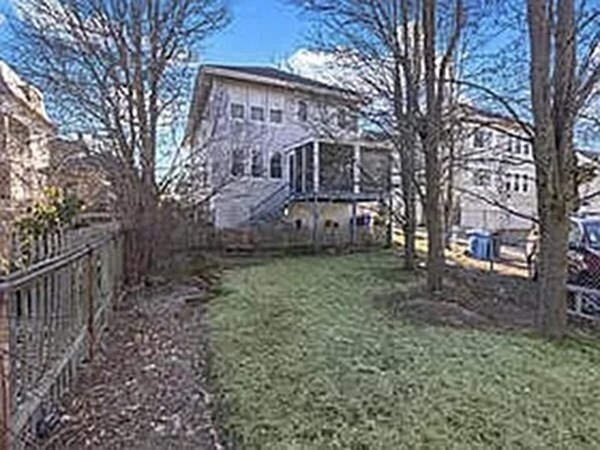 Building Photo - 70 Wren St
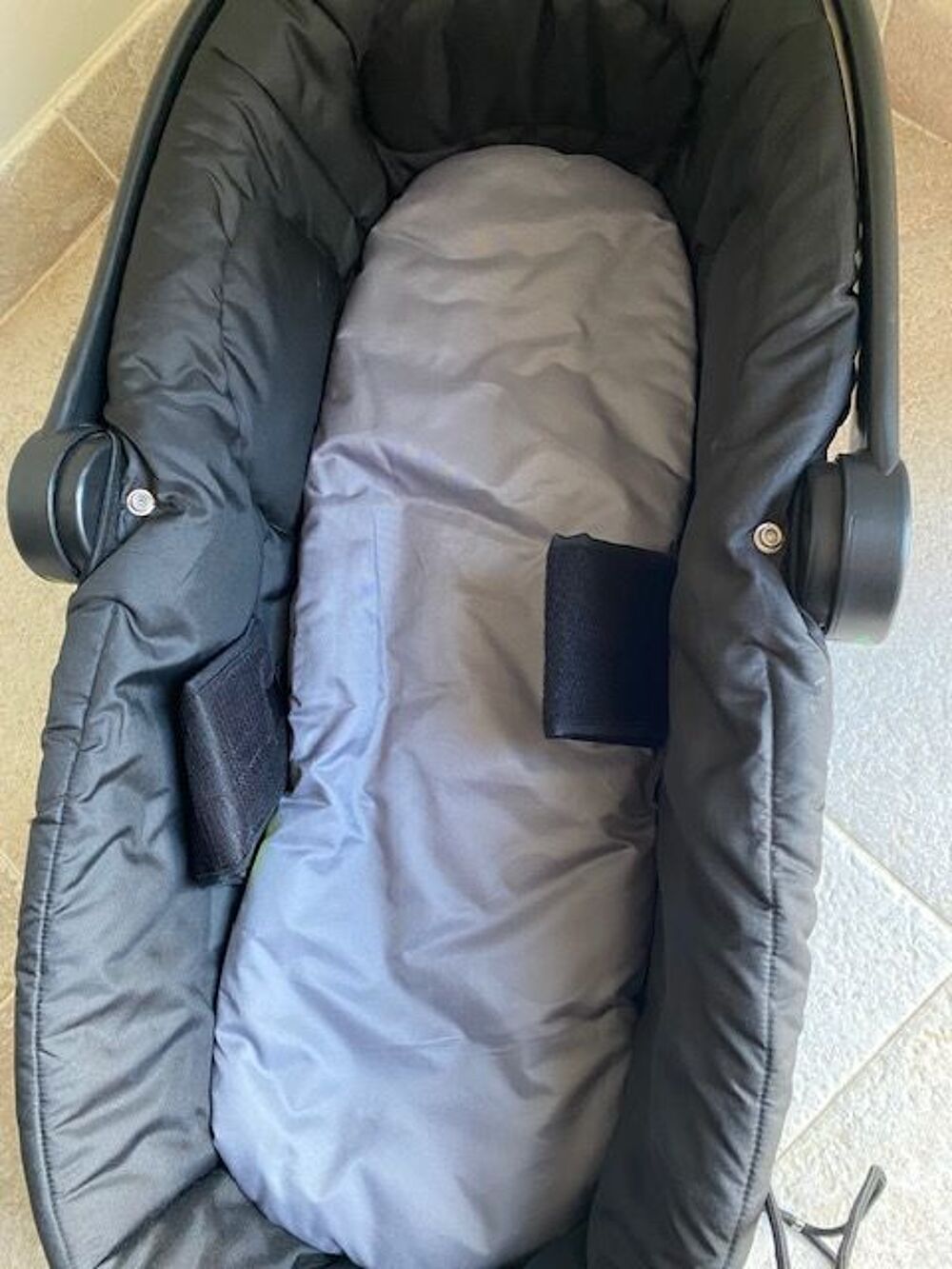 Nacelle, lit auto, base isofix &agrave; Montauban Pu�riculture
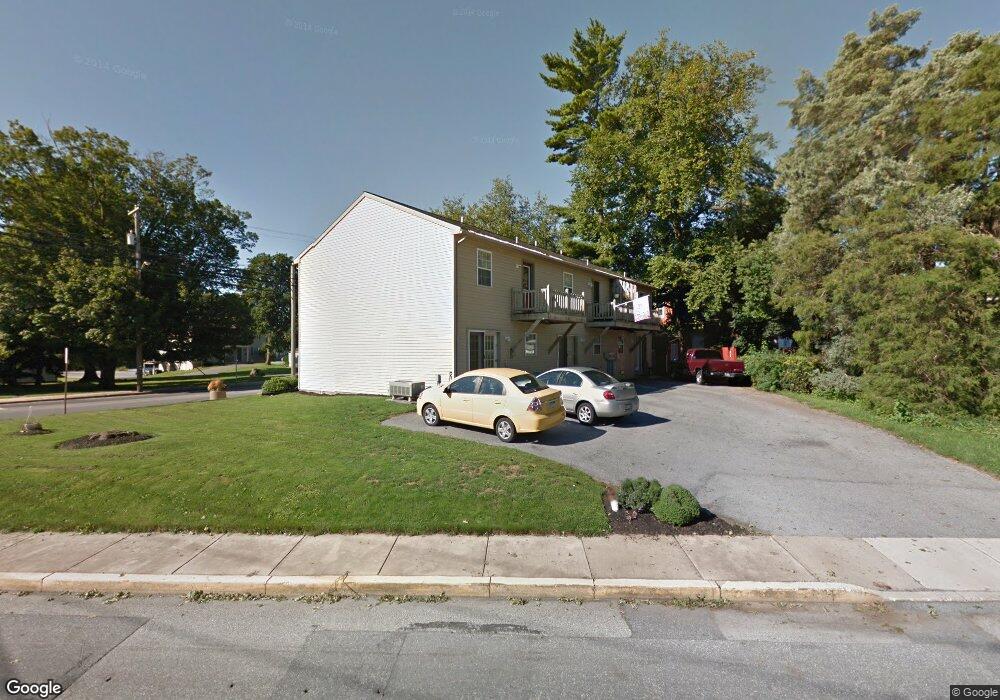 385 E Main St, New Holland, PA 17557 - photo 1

──────────

Exact copy, no pictures: reproduce the whole listing above.

Finished exercise ->
 Building Photo - 70 Wren St
 Nacelle, lit auto, base isofix &agrave; Montauban Pu�riculture
 385 E Main St, New Holland, PA 17557 - photo 1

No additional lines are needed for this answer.